§ **Task instructions**
Where does the string "Women" appear in the records? Copy each line that holds it.

[Records drawn from a dataset]
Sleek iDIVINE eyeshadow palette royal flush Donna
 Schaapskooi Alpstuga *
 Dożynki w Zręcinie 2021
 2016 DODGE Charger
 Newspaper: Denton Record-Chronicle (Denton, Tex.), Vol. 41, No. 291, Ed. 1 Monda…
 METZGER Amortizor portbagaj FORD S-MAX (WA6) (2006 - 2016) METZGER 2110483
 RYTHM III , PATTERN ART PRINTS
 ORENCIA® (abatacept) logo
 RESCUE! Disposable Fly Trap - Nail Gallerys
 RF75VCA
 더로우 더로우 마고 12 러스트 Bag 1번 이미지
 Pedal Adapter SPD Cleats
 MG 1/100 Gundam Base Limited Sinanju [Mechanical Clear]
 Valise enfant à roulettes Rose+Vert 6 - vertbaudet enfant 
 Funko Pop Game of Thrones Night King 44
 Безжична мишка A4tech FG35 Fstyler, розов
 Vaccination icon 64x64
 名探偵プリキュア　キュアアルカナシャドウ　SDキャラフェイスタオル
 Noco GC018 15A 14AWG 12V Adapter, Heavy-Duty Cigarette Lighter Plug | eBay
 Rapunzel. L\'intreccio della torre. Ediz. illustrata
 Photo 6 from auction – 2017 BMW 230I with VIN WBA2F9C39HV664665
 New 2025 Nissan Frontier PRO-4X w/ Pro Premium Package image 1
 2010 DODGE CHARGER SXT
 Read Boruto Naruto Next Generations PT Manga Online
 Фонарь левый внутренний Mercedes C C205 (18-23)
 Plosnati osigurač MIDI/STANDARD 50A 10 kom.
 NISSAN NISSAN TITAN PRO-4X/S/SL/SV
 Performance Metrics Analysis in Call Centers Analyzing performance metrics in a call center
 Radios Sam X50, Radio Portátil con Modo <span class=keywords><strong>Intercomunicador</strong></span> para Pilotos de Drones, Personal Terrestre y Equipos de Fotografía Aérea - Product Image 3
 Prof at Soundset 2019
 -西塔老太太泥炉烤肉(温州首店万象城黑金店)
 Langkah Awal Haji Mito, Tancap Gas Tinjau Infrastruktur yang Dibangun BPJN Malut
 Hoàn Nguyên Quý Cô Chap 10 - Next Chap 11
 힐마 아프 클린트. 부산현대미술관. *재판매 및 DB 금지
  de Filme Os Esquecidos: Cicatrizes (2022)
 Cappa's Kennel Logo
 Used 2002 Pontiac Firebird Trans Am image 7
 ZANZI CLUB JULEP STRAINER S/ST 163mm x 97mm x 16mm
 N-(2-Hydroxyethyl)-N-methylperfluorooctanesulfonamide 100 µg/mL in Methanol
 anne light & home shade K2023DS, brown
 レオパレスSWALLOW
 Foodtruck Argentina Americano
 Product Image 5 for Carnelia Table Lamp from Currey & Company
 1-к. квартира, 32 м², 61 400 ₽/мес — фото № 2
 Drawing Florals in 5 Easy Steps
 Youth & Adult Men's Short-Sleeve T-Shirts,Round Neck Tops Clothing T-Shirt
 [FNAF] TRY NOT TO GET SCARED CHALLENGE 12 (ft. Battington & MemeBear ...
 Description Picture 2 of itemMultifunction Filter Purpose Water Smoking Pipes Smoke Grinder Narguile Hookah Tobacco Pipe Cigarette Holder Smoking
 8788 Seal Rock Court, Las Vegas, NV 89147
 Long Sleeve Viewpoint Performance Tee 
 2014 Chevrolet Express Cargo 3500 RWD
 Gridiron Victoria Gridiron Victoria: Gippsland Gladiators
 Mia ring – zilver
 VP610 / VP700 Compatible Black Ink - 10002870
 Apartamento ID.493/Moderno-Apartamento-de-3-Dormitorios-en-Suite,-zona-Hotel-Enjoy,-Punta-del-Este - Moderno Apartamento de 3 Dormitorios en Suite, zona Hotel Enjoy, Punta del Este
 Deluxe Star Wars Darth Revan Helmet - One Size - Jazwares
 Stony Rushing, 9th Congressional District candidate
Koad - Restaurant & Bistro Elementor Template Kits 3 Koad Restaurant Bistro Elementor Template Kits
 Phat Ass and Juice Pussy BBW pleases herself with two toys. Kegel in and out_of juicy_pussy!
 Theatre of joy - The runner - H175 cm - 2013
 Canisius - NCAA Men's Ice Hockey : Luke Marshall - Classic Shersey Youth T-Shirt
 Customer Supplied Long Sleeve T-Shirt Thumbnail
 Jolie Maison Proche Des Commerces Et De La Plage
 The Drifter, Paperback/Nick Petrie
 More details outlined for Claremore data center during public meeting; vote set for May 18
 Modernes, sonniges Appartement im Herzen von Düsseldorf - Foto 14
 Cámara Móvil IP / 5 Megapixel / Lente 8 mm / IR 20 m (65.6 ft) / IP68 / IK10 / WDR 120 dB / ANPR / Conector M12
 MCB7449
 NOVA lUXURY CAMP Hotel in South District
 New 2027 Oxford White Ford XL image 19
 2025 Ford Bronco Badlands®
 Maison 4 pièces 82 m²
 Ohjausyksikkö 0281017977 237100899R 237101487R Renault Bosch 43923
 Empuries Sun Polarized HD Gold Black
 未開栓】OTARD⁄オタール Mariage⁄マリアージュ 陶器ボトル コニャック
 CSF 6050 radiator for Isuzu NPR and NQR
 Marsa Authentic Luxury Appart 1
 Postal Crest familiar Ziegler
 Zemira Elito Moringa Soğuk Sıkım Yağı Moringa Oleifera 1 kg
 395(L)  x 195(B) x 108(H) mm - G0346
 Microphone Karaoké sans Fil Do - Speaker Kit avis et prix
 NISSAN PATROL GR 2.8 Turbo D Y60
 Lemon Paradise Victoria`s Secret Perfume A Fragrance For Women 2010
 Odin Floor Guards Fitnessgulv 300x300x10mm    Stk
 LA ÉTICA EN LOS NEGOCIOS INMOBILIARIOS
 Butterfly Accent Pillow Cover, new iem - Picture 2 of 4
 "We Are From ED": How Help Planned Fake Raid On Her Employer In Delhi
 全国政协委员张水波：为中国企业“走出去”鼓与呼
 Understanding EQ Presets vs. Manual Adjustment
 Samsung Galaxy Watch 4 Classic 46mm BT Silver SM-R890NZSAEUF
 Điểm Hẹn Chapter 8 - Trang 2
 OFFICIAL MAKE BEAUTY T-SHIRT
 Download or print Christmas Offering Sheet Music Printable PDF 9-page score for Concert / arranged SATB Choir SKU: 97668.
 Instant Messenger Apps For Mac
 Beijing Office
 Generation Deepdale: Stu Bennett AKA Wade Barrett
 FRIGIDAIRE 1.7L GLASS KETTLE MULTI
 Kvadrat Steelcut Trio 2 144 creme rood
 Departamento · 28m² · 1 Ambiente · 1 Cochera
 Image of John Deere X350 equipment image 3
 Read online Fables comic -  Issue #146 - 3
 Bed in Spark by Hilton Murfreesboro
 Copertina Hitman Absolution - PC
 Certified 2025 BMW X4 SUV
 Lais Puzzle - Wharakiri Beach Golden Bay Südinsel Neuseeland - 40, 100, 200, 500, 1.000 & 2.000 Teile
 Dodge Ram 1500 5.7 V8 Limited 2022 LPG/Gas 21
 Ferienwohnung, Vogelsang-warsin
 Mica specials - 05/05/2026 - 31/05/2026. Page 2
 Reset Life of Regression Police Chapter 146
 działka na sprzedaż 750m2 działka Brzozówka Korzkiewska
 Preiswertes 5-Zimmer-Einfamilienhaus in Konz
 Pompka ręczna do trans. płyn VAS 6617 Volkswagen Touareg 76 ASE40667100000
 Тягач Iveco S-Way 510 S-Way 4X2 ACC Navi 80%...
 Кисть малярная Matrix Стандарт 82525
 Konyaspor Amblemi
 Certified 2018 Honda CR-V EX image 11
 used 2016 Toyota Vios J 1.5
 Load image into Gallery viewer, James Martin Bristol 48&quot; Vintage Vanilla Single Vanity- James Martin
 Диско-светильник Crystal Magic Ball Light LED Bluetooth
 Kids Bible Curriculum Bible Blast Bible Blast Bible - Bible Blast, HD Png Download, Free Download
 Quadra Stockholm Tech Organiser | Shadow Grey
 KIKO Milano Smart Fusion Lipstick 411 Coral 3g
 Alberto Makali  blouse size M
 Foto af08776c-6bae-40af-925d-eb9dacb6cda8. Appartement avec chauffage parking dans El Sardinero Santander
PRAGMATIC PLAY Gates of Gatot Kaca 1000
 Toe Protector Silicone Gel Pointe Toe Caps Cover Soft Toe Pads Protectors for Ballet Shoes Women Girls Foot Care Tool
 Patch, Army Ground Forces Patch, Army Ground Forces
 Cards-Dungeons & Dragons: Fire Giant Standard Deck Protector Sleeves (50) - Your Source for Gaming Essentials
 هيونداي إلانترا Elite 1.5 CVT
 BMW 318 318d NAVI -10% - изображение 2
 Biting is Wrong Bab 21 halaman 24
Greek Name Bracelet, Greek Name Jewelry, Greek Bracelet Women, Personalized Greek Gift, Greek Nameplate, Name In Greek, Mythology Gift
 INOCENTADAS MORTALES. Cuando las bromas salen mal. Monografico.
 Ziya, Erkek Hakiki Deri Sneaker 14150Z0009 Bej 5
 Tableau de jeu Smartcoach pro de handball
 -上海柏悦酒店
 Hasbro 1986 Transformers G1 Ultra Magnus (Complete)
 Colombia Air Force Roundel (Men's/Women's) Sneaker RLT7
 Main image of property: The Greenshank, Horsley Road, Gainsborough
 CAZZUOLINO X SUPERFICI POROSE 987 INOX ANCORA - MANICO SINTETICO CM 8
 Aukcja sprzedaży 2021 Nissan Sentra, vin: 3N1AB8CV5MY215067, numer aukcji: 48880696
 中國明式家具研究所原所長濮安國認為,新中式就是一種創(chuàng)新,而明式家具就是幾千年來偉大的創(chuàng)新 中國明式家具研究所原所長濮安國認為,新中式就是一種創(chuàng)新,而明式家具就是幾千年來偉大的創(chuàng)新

§ **Exercise solution**
 Lemon Paradise Victoria`s Secret Perfume A Fragrance For Women 2010
 Toe Protector Silicone Gel Pointe Toe Caps Cover Soft Toe Pads Protectors for Ballet Shoes Women Girls Foot Care Tool
Greek Name Bracelet, Greek Name Jewelry, Greek Bracelet Women, Personalized Greek Gift, Greek Nameplate, Name In Greek, Mythology Gift
 Colombia Air Force Roundel (Men's/Women's) Sneaker RLT7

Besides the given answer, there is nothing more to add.